§ **Your objective**: Skip all pictures; return exactly the lines from the one containing "Vista 11 de" through the end of the data.

§ **Excerpted records**:
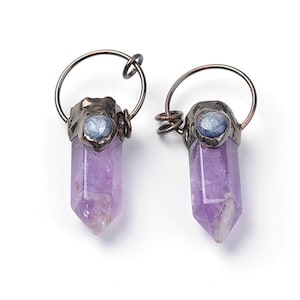 ONE Natural Amethyst Gemstone Hexagonal Prism Vintage Brass Pendant | Size 15x45mm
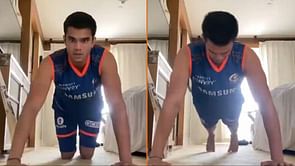IPL 2021: Arjun Tendulkar works on his fitness in quarantine [Watch]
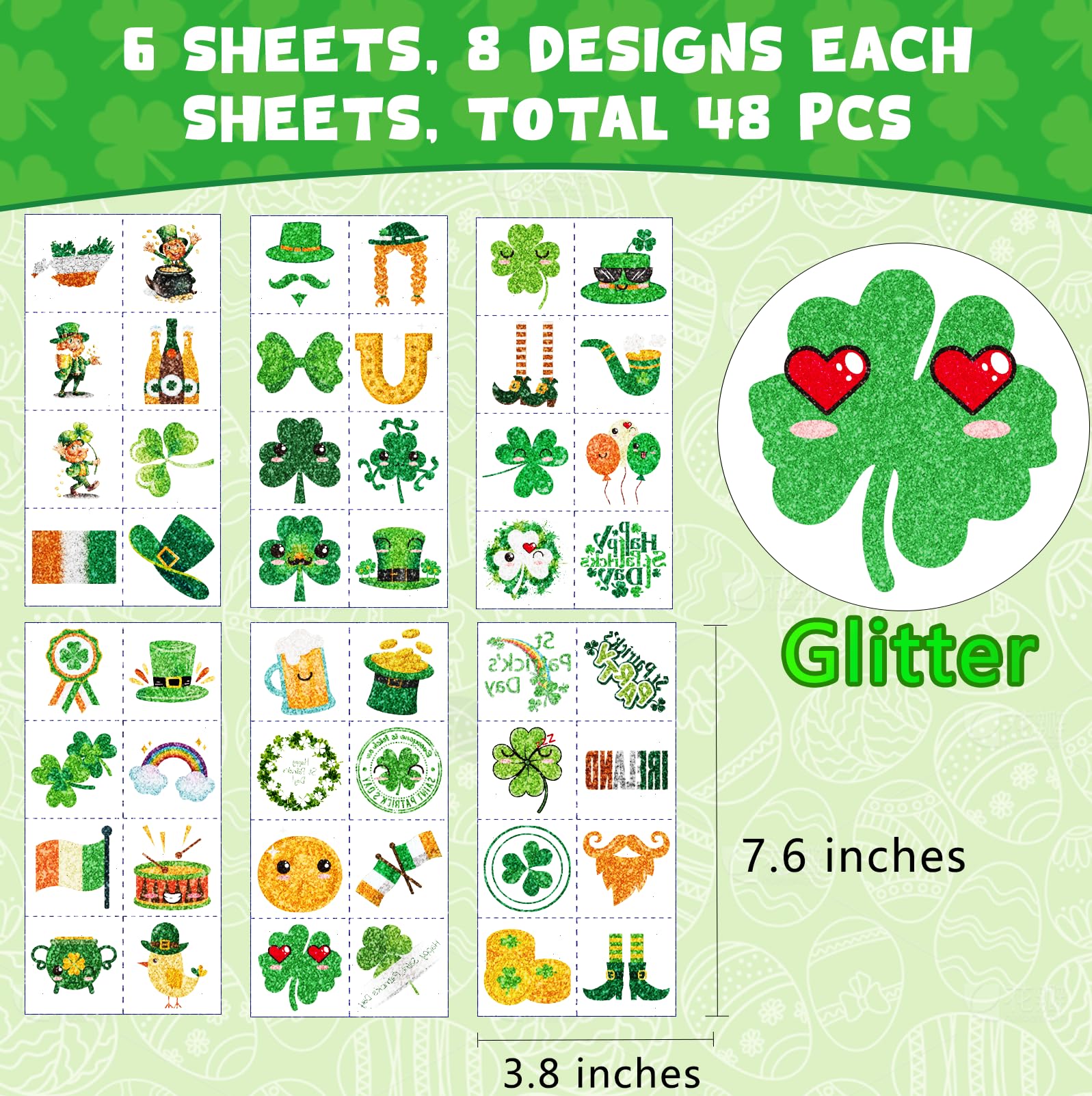 48Pcs St Patrick's Day Temporary Tattoos & Stickers - Shamrock, Green Glitter Face Tattoos for Irish Party Decorations - Perfect for St Patrick's Day Celebrations, Parades, and Irish-Themed Events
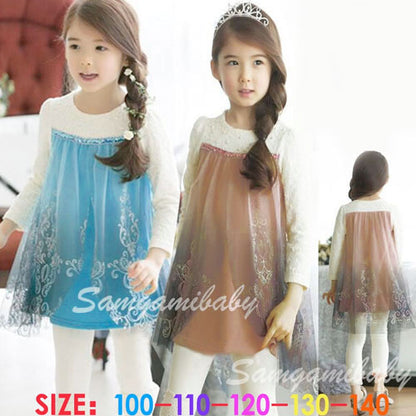 Girl Dress Frozen Princess Blue with Pants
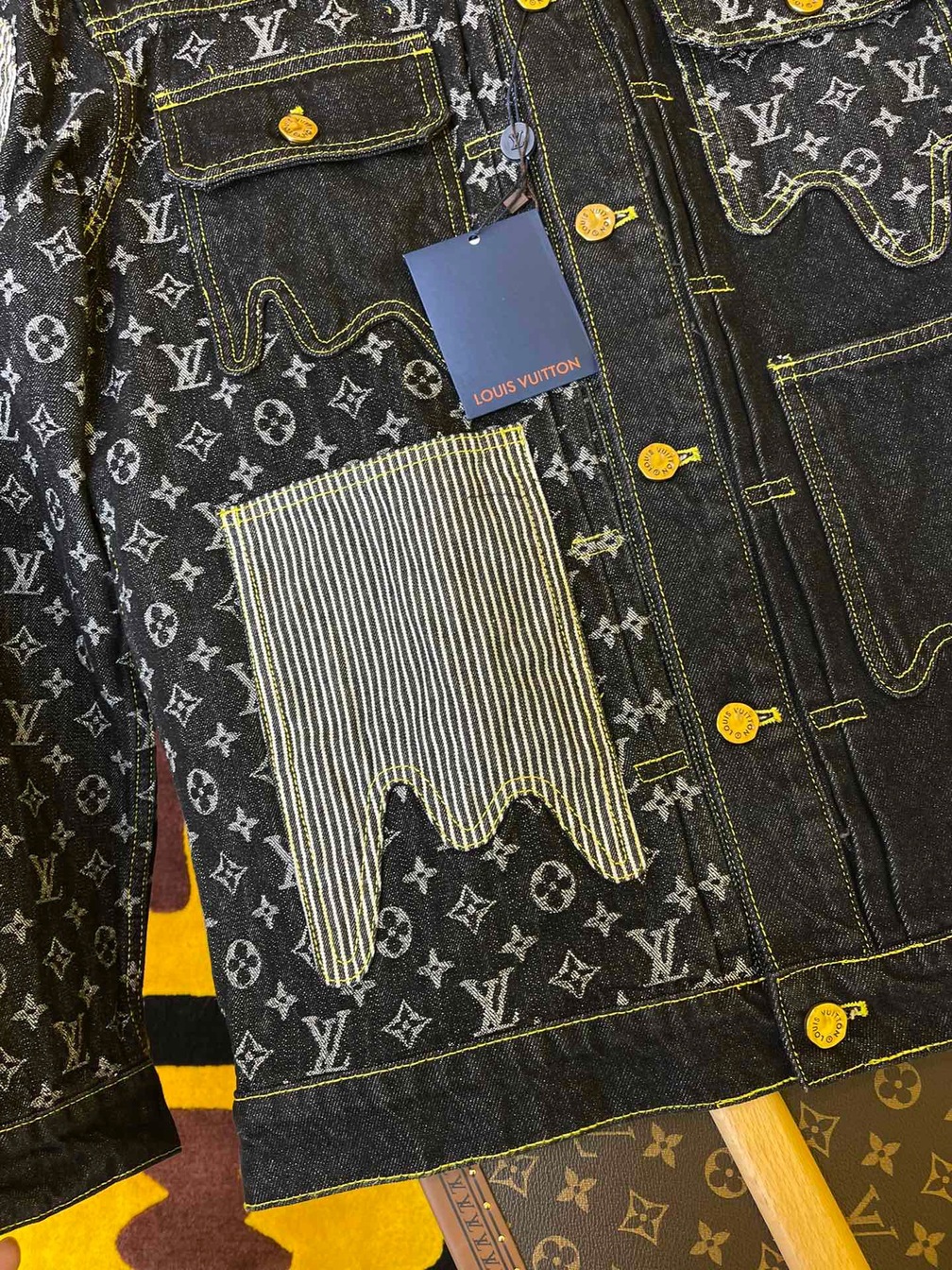 Jacket Lv Denim Check Dark Blue Ss222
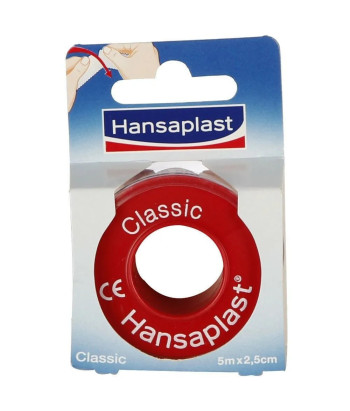 Hansaplast Classic Sparadrap 5m x 2,5cm - Bande adhésive polyvalente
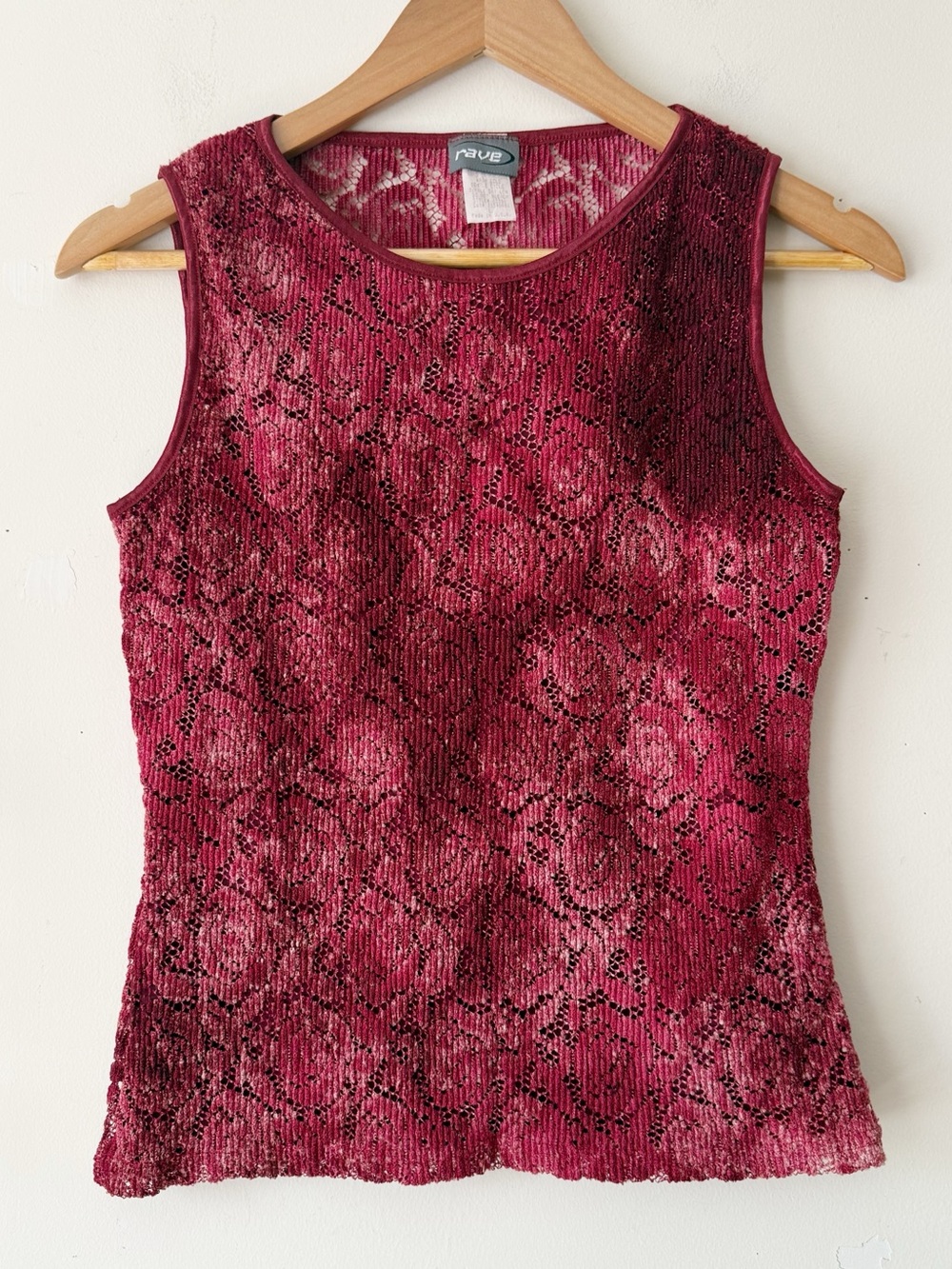 Vintage 90s Rave Burgundy Floral Lace Plissé Pleated Tank Top Made in USA Large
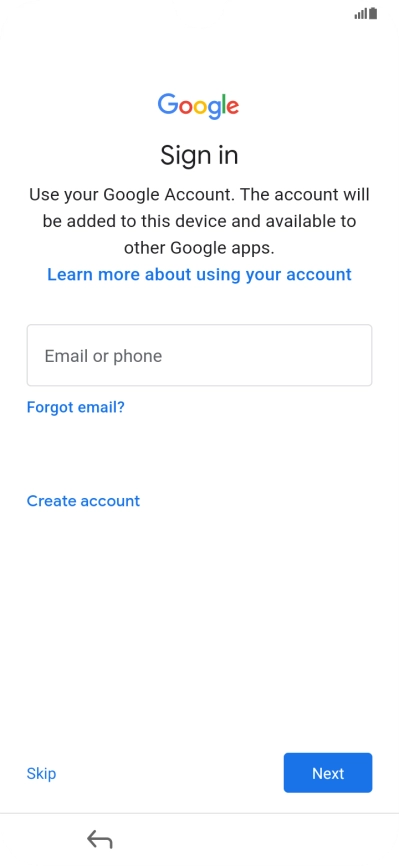Press Email or phone and key in the username for your Google account.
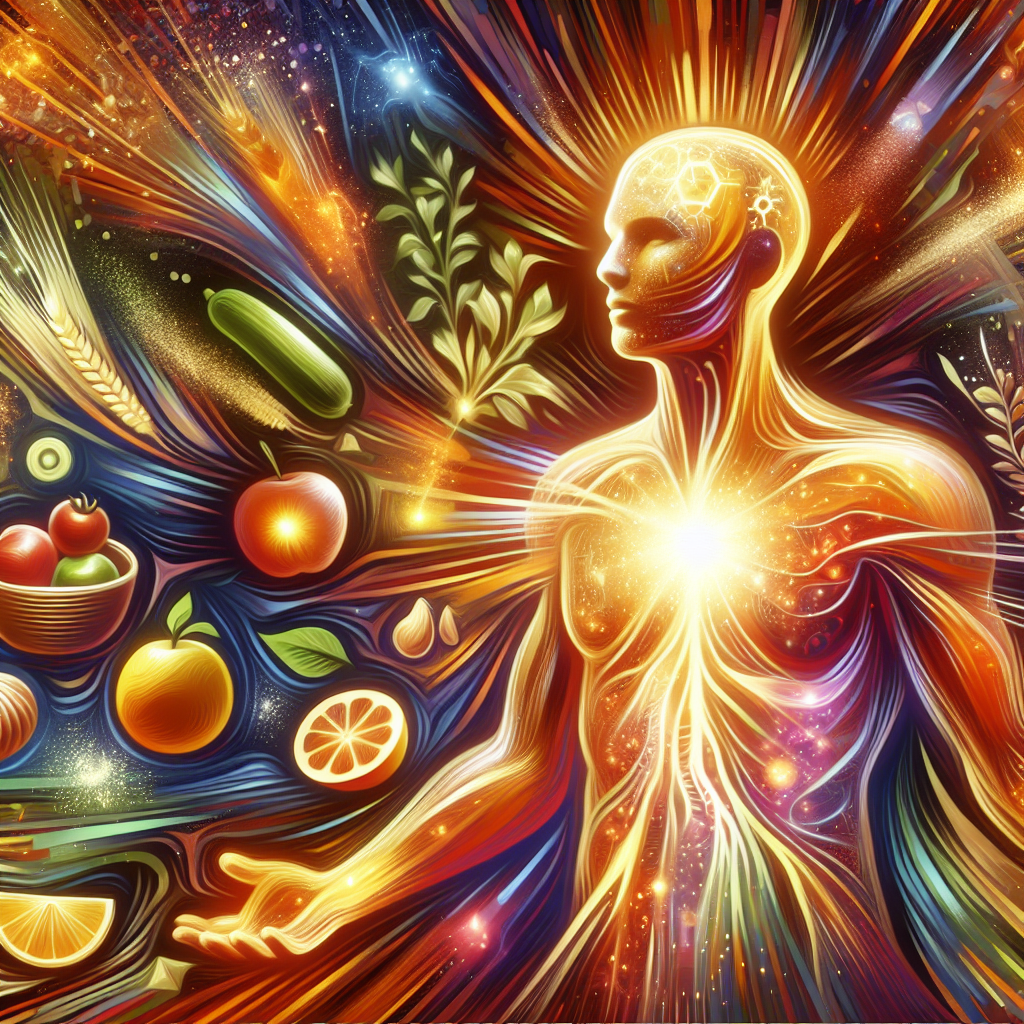 Vibrant and dynamic illustration depicting a stylized human body glowing with internal energy, symbolizing a stimulated metabolism. Abstract streaks of light and particles radiate outwards, representing increased vitality and health. Elements like fresh fruits, vegetables, and a subtle representation of muscle mass are integrated around the figure, hinting at the factors influencing metabolism. The overall mood is energetic, healthy, and optimistic, rendered in a clean, modern graphic style with bright, inviting colors.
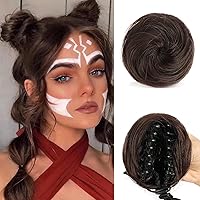 Vista 11 de SOFEIYAN 2 piezas de clip de pinza mini en extensiones de moño de cabello con orejas de gato desordenadas, accesorio de peluca de dona sintética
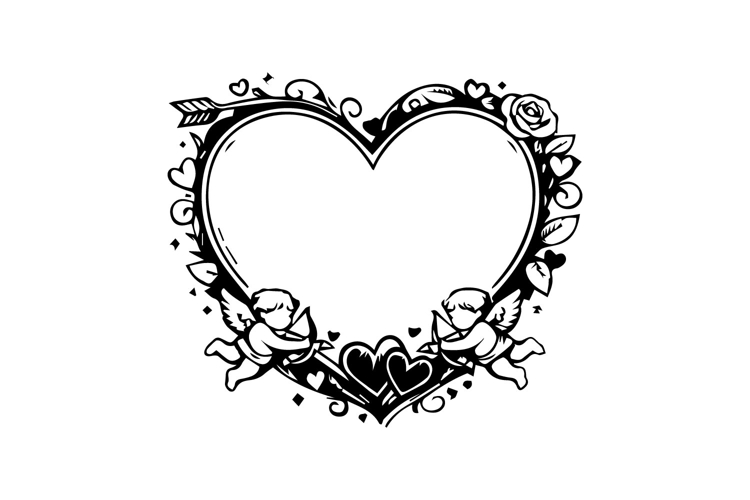 Black and White Valentine Heart Frame Design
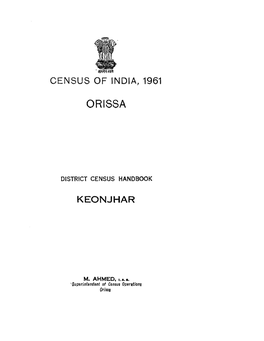District Census Handbook, Keonjhar , Orissa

§ **Answer to this task**:
 Vista 11 de SOFEIYAN 2 piezas de clip de pinza mini en extensiones de moño de cabello con orejas de gato desordenadas, accesorio de peluca de dona sintética
 Black and White Valentine Heart Frame Design
District Census Handbook, Keonjhar , Orissa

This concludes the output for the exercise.